> WHAT IS REQUIRED: Somewhere below, one line contains "Tallinn, Estonia - July" and a later line contains "HOCO Assembly Schedule 10/8/25". Output those two lines and everything between them exactly, and nothing else.

> MATERIAL PROVIDED:
-- -- --

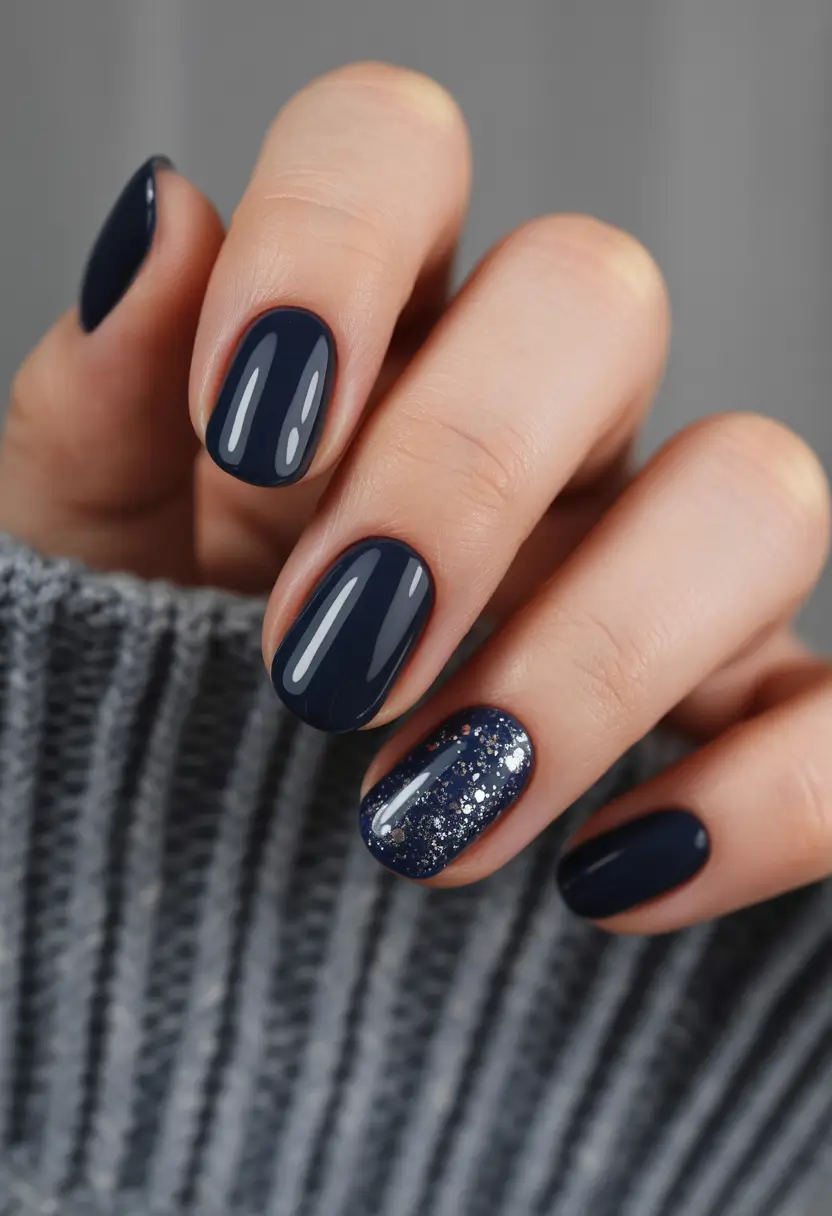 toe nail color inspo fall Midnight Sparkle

-- -- --

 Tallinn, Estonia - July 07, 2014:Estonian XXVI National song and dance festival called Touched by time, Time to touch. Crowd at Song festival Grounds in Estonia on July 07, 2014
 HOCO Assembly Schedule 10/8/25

-- -- --

> FINISHED TASK:
 Tallinn, Estonia - July 07, 2014:Estonian XXVI National song and dance festival called Touched by time, Time to touch. Crowd at Song festival Grounds in Estonia on July 07, 2014
 HOCO Assembly Schedule 10/8/25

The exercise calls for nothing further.